In his 1988 release Women on the Verge of a Nervous Breakdown, Spanish director Pedro Almodóvar paid homage to the film. His lead character Pepa Marcos (Carmen Maura), a voice artist, passes out while dubbing Vienna's voice in a scene where Johnny (voiced earlier by Pepa's ex-lover Iván) and Vienna banter about their conflicted past. Almodóvar's film also ends with a chase and an obsessed woman shooting at his lead character. In 2012, Japanese film director Shinji Aoyama listed Johnny Guitar as one of the greatest films of all time. He said, "Johnny Guitar is the only movie that I'd like to remake someday, although I know that it's impossible. It's probably closest to the worst nightmare I can have. I know for sure that my desire to remake this movie comes from my warped thought that I want to remake my own nightmare."

On the review aggregate website Rotten Tomatoes, the film has an approval rating of 94% with an average score of 8.52/10 based on 52 critics. The website's critical consensus reads: "Johnny Guitar confidently strides through genre conventions, emerging with a brilliant statement that transcends its period setting -- and left an indelible mark." Metacritic, which uses a weighted average, assigned the a score of 83 out of 100, based on 4 critics, indicating "universal acclaim".

In 2008, the film was selected for the National Film Registry by the Library of Congress as a culturally, historically and aesthetically significant piece of American cinema.
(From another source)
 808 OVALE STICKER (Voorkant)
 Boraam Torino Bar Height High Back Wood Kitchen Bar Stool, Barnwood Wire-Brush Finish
The film is recognized by American Film Institute in these lists:
- 2003: AFI's 100 Years...100 Heroes & Villains:
  - Emma Small – Nominated Villain
- 2008: AFI's 10 Top 10:
  - Nominated Western Film

==Stage musical adaptation==

A stage musical based on the film and novel was created and debuted Off-Broadway in 2004, with a book by American television producer Nicholas van Hoogstraten, lyrics by Joel Higgins, and music by Martin Silvestri and Joel Higgins. The musical was nominated for numerous awards for the original production, and has been produced around the world. Licensing is available through Concord Theatricals.

==In popular culture==
- The film is seen briefly in Women on the Verge of a Nervous Breakdown as the characters portrayed by Carmen Maura and Fernando Guillén are dubbers for the film into Spanish.
- Vienna and Jill McBain (Claudia Cardinale) of Sergio Leone's Once Upon a Time in the West have similar backstories (both may be former prostitutes who become saloonkeepers), and both own land where a train station will be built because of access to water. Also, Harmonica (Charles Bronson), like Sterling Hayden's title character, is a mysterious, gunslinging outsider known by his musical nickname. Some of Wests central plot (Western settlers vs. the railroad company) may be recycled from Johnny Guitar.
- While on the run, the murderous couple in François Truffaut's Mississippi Mermaid (La Sirène du Mississippi), played by Jean-Paul Belmondo and Catherine Deneuve, go to a showing of Johnny Guitar in Lyon and discuss the film in the street afterwards.
- In Bonanza, episode 12.1, "The Night Virginia City Died", Vienna's bar is burned down for the umpteenth time. The footage is spectacular, and appears to have been used in many films and TV shows.
- In the 1971 western spoof Support Your Local Gunfighter, actor Ben Cooper parodies his own role as a young gunslinger in over his head.
- In the Sunn O))) band's album, White1, the song "My Wall" frequently mentions Johnny Guitar in its lyrics.
- The movie is mentioned by the main hero of Jean-Luc Godard's 10th feature film, Pierrot Le Fou (1965) and in La Chinoise (1967) by Henri, who gets expelled from the revolutionary cell for defending the movie. In Weekend (1967), 'Johnny Guitar' is a call sign uttered into a walkie-talkie. While in Histoire(s) du cinéma (1988-1998) and The Image Book (2018), some sequences are quoted and overlapped during Godard's examination of cinema history.
- Shots from the movie are used in Guy Debord's The Society of the Spectacle.
- The title song is heard on radios throughout the Mojave wasteland in the videogame Fallout: New Vegas.
- Musician Johnny "Guitar" Watson adopted his stage name after the film.